_PROMPT_
Images are not wanted; transcribe the rest of the listing exactly.

_INFORMATION SUPPLIED_
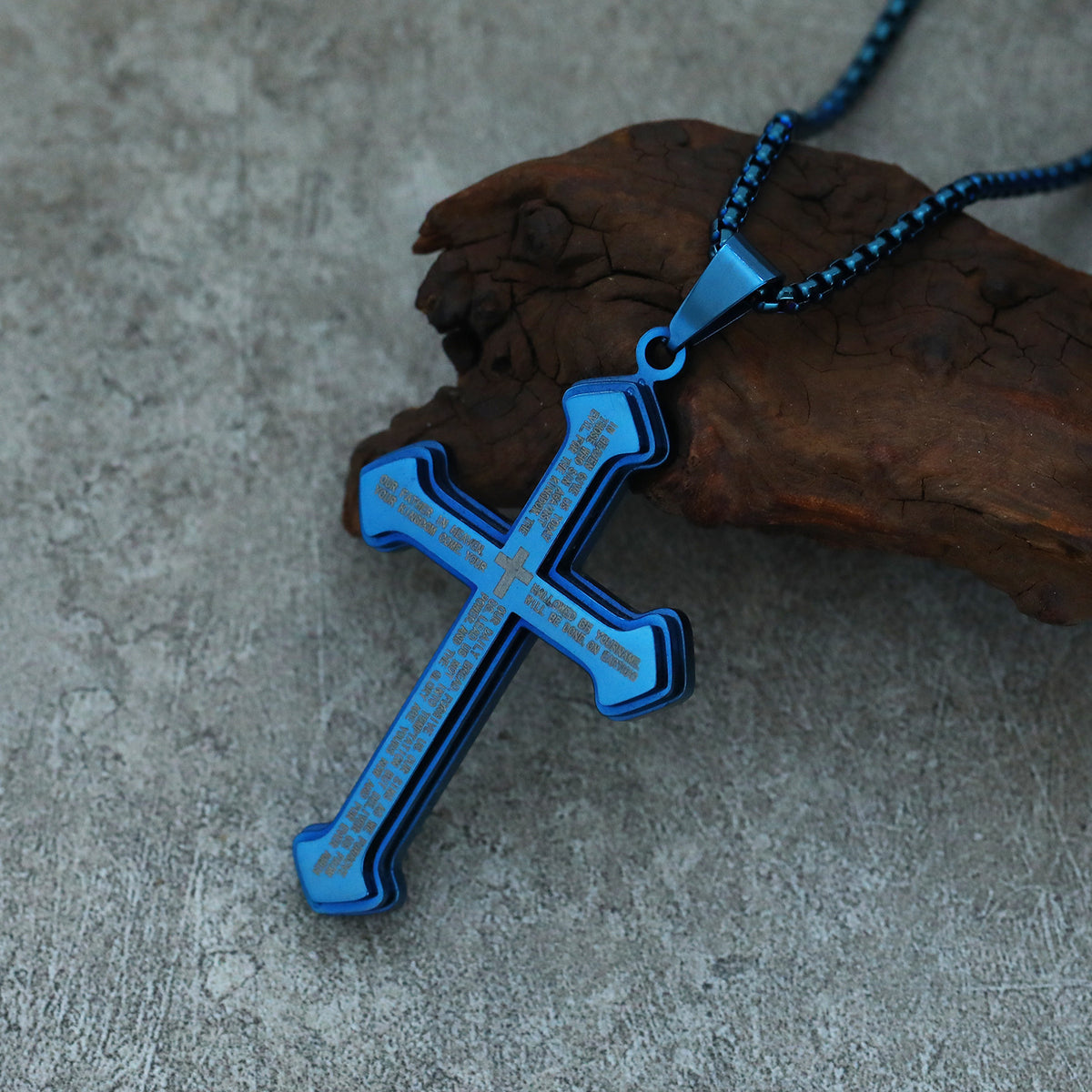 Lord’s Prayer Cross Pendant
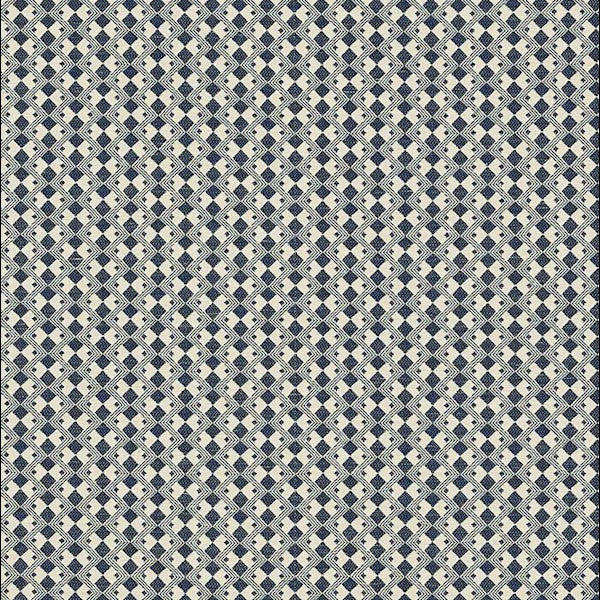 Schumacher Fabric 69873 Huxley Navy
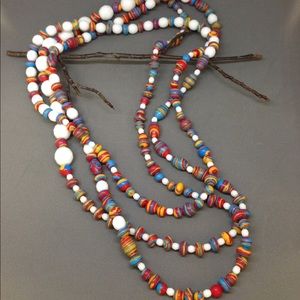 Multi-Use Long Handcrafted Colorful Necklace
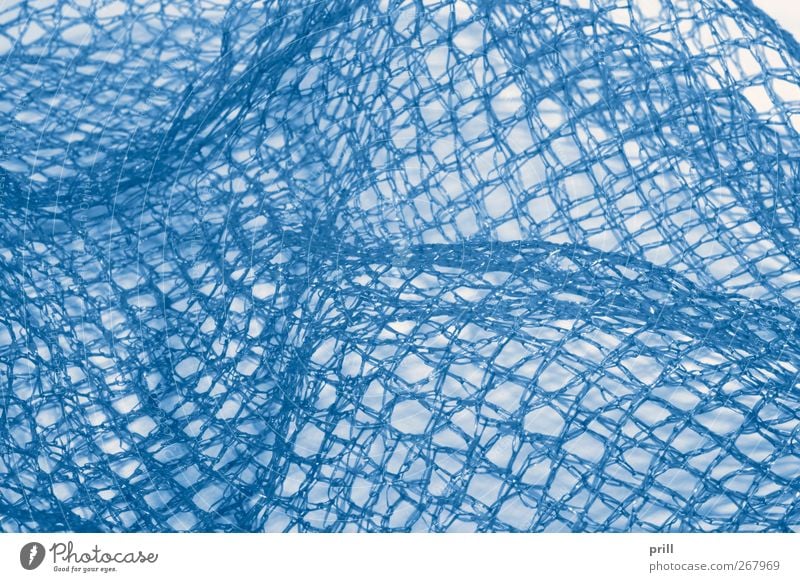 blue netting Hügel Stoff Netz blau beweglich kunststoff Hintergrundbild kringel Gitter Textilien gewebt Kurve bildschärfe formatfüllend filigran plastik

_COMPLETED EXERCISE_
 Lord’s Prayer Cross Pendant
 Schumacher Fabric 69873 Huxley Navy
 Multi-Use Long Handcrafted Colorful Necklace
 blue netting Hügel Stoff Netz blau beweglich kunststoff Hintergrundbild kringel Gitter Textilien gewebt Kurve bildschärfe formatfüllend filigran plastik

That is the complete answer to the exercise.